This is an automated email from the ASF dual-hosted git repository.
nightowl888 pushed a commit to branch master
in repository https://gitbox.apache.org/repos/asf/lucenenet.git
The following commit(s) were added to refs/heads/master by this push:
new 4c5b94c BUG: Fixes #573. Changed segment names to match Lucene and
Lucene.NET 3.x. This is a breaking change. Added a
SegmentInfos.UseLegacySegmentNames to read 4.8.0-beta00001 thru 4.8.0-beta00015
indexes, which is false by default.
4c5b94c is described below
commit 4c5b94c837dfad43f645b8900d51ecd000614c42
Author: Shad Storhaug <[email protected]>
AuthorDate: Mon Dec 13 17:10:29 2021 +0700
BUG: Fixes #573. Changed segment names to match Lucene and Lucene.NET 3.x.

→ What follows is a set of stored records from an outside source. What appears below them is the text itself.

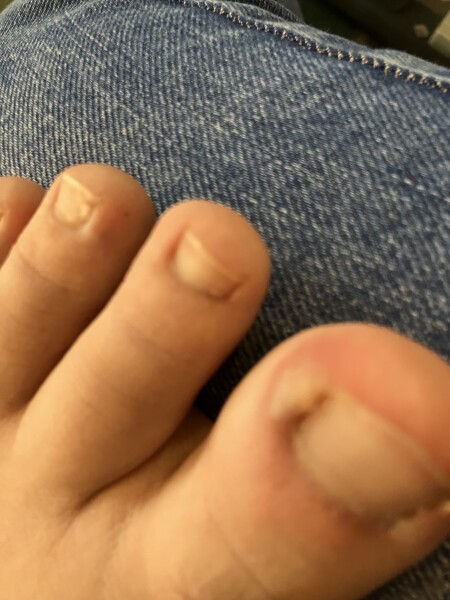 Dd toe. Is this infected?
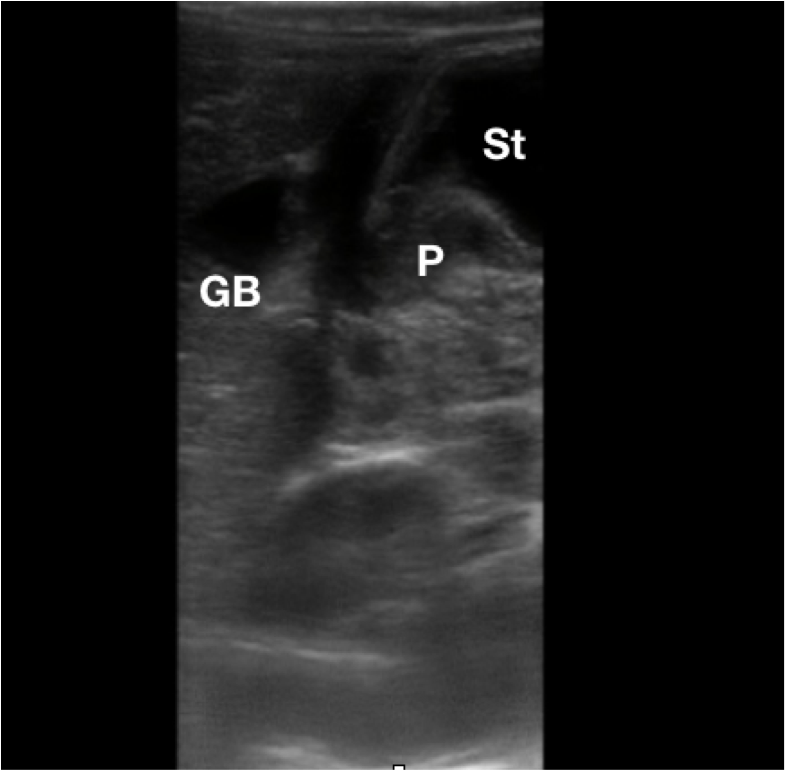 Figure 2. Sonographic anatomy of the pylorus (P) in relation to the gallbladder (GB) and stomach (St).png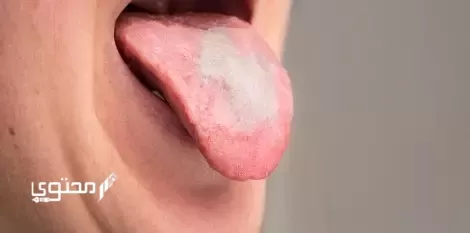 تجاربكم مع فطريات اللسان
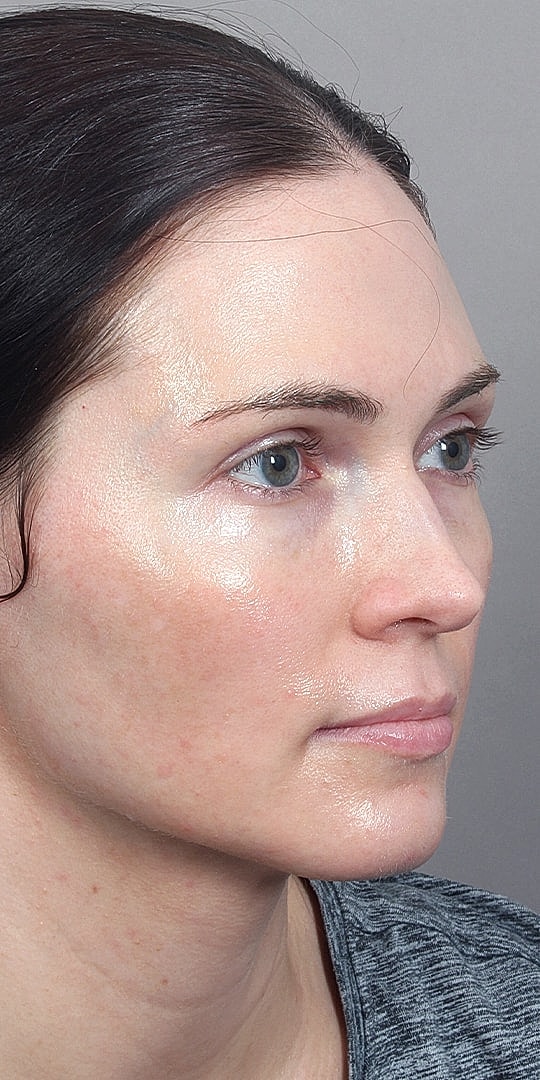 Facial Fat Transfer Before & After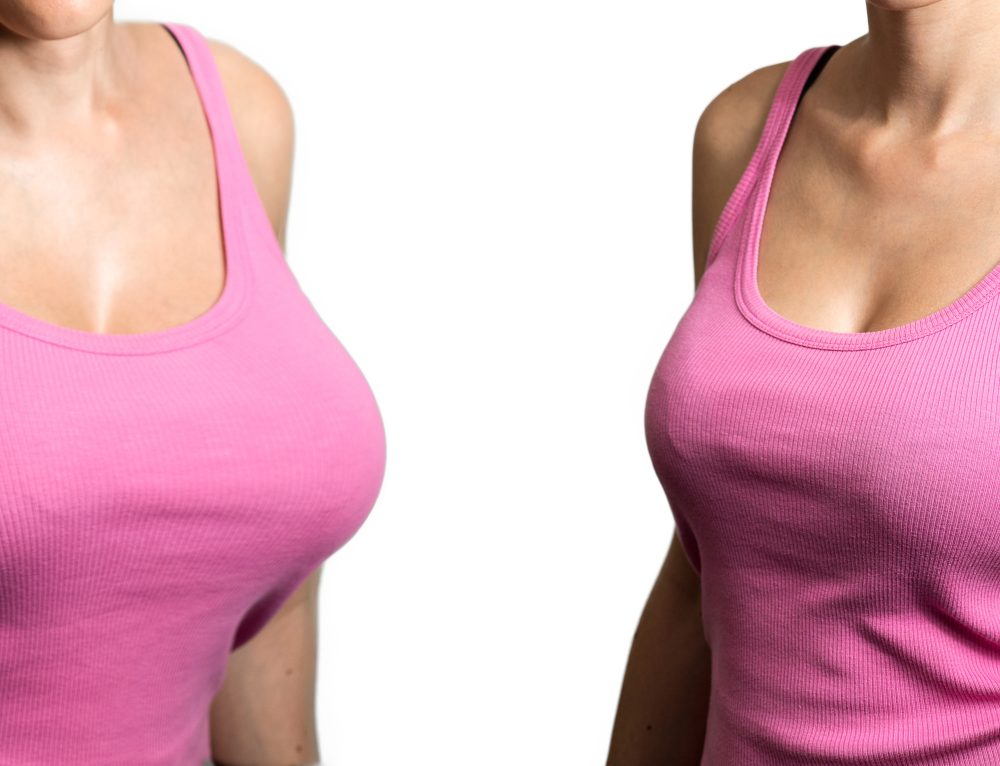 Want To Know More About Breast Augmentation Dont Miss Out Cades Clinic 4401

This is a breaking change. Added a SegmentInfos.UseLegacySegmentNames to read
4.8.0-beta00001 thru 4.8.0-beta00015 indexes, which is false by default.
---
.../Codecs/Lucene3x/TestTermInfosReaderIndex.cs | 4 +-
src/Lucene.Net.Tests/Index/TestCodecs.cs | 5 +-
.../Index/TestConsistentFieldNumbers.cs | 46 +++++++
src/Lucene.Net/Index/CheckIndex.cs | 6 +-
src/Lucene.Net/Index/IndexFileNames.cs | 4 +-
src/Lucene.Net/Index/IndexWriter.cs | 2 +-
src/Lucene.Net/Index/ReadersAndUpdates.cs | 8 +-
src/Lucene.Net/Index/SegmentDocValues.cs | 8 +-
src/Lucene.Net/Index/SegmentInfos.cs | 148 +++++++++++++++++++++
src/Lucene.Net/Index/SegmentReader.cs | 8 +-
10 files changed, 226 insertions(+), 13 deletions(-)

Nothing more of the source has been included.